16303: Overreaction Of The Week.

 

When Roe v. Wade was overturned in 2022, White holding companies and White advertising agencies immediately issued responses, offering special healthcare benefits, posting angry divertorials, and more—mostly to show support for White women in Adland.

 

When the Supreme Court ruled against race-conscious admissions programs at elite schools—effectively dealing a serious blow to affirmative action—how did Adland react? Crickets. The exclusive majority of mythical Madison Avenue continued performative Pride promotions, enjoyed post-Cannes highs, and settled in for an extended holiday weekend.

 

For those who missed it, here’s a report from The New York Times

 

Supreme Court Strikes Down Race-Based Admissions at Harvard and U.N.C.

 

In disavowing race as a factor in achieving educational diversity, the court all but ensured that the student population at the campuses of elite institutions will become whiter and more Asian and less Black and Latino.

 

By Adam Liptak

 

The decision is likely to reshape college admissions at elite schools.

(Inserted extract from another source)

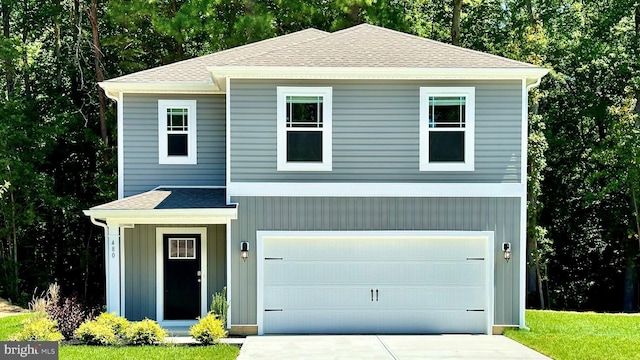 view of front of house with a garage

Here’s what to know.

 

Race-conscious admissions programs at Harvard and the University of North Carolina are unconstitutional, the Supreme Court ruled on Thursday, the latest decision by its conservative majority on a contentious issue of American life.

 

Chief Justice John G. Roberts Jr., writing for the 6-3 majority, said the two programs “unavoidably employ race in a negative manner” and “involve racial stereotyping,” in a manner that violates the Constitution.

 

However, he added, universities can consider how race has affected an applicant’s life. Students, he wrote, “must be treated based on his or her experiences as an individual — not on the basis of race.”

 

Justice Sonia Sotomayor summarized her dissent from the bench — a rare move that signals profound disagreement. The court, she said, was “further entrenching racial inequality in education, the very foundation of our democratic government and pluralistic society.”

 

The decision could have far-reaching effects, and not just at the colleges and universities across the country that are expected to revisit their admissions practices. The decision could prompt employers to rethink how they consider race in hiring and it could potentially narrow the pipeline of highly credentialed minority candidates entering the work force.

 

Here’s what to know:

 

• The opinions in the case — including concurring opinions from Justices Clarence Thomas, Neil Gorsuch and Brett M. Kavanaugh and another dissenting opinion from Justice Ketanji Brown Jackson — total 237 pages. (Justice Jackson recused herself from the Harvard case because she had been on the university’s board of overseers.)

 

• The two cases were brought by Students for Fair Admissions, a group founded by Edward Blum, a legal activist who has organized many lawsuits challenging race-conscious admissions policies and voting rights laws, several of which have reached the Supreme Court.

 

• In the North Carolina case, the plaintiffs said that the university discriminated against white and Asian applicants by giving preference to Black, Hispanic and Native American ones. The case against Harvard has an additional element, accusing the university of discriminating against Asian American students by using a subjective standard to gauge traits like likability, courage and kindness, and by effectively creating a ceiling for them in admissions. The universities both won in federal trial courts, and the decision in Harvard’s favor was affirmed by a federal appeals court.

 

• The 6-3 decision on Thursday reflects the country’s division over affirmative action, which breaks along racial and political lines.

 

• In 2016, the Supreme Court upheld an admissions program at the University of Texas at Austin, holding that officials there could continue to consider race as a factor in ensuring a diverse student body.